Calls for low fat cheddar in sandwiches and pizza
IT IS Britain’s most popular cheese with a heritage dating back 900 years but now the food police are getting stuck into cheddar.
Officials want people to eat more low and reduced-fat cheddar in everything from sandwiches to pizzas.
They are even looking at scrapping 40-year-old labelling laws to help consumers beat bulging waistlines.
A Food Standards Agency document outlines its aim to more than double sales of lower-fat styles – currently less than 10 per cent – and says: “It is our goal that the reduced-fat sub-market grows to over 25 per cent of the cheddar market by 2015.”

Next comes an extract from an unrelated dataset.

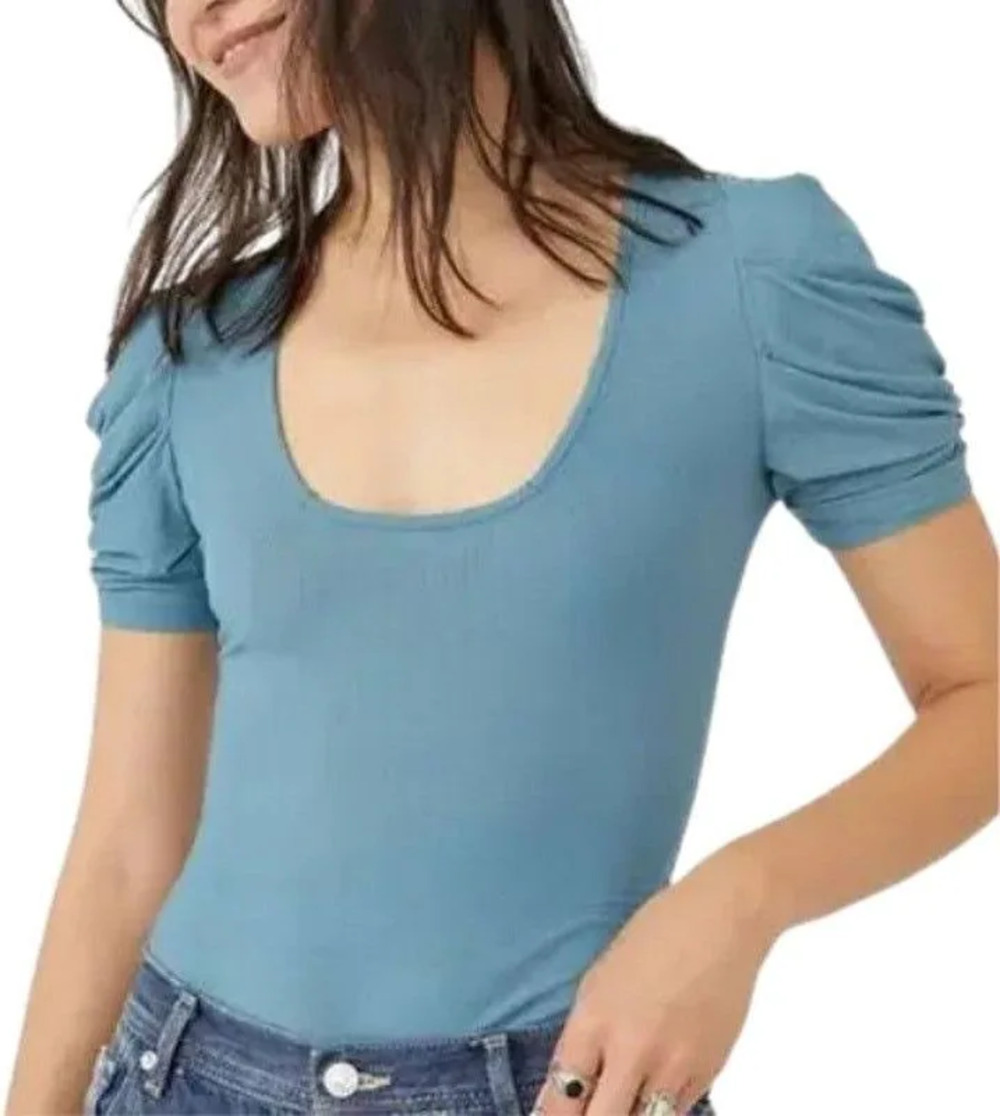 Intimately Free People So Fresh Ribbed Puff Sleeve Bodysuit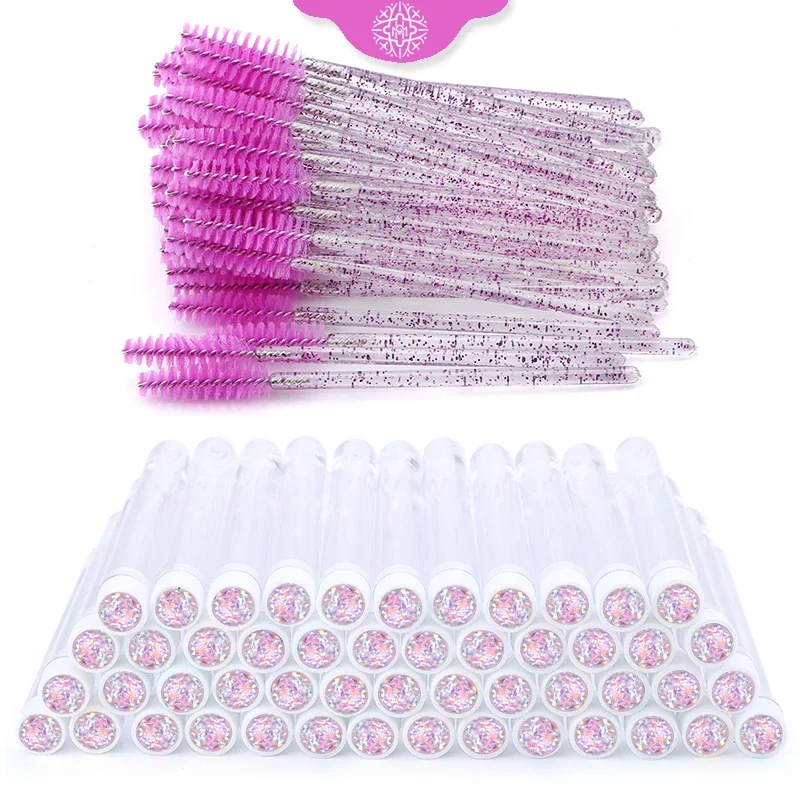 

50/100pcs Diamond Eyebrow Brush Tube Disposable Eyelash Brush Reusable Crystal Eyelash Brush Replaceable Dust-proof Makeup Sets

The 40-year-old law facing abolition forbids use of the name cheddar when fat content is less than a third, introduced to stop cheap products pumped with water.
New high-quality, low-fat hard cheeses still cannot use the name.
Cheddar accounts for around half of all cheese eaten in the UK which the agency says makes it a major source of saturated fat in the diet.
Nigel White, of the British Cheese Board, praised low-fat varieties but warned they did not always fit the bill. “For everyday uses they work really well but because fat is what gives it the texture and a creamy cheese seems to taste much nicer, for special occasions people will tend to stick with traditional cheeses.”
The agency will publish its recommendations later this year.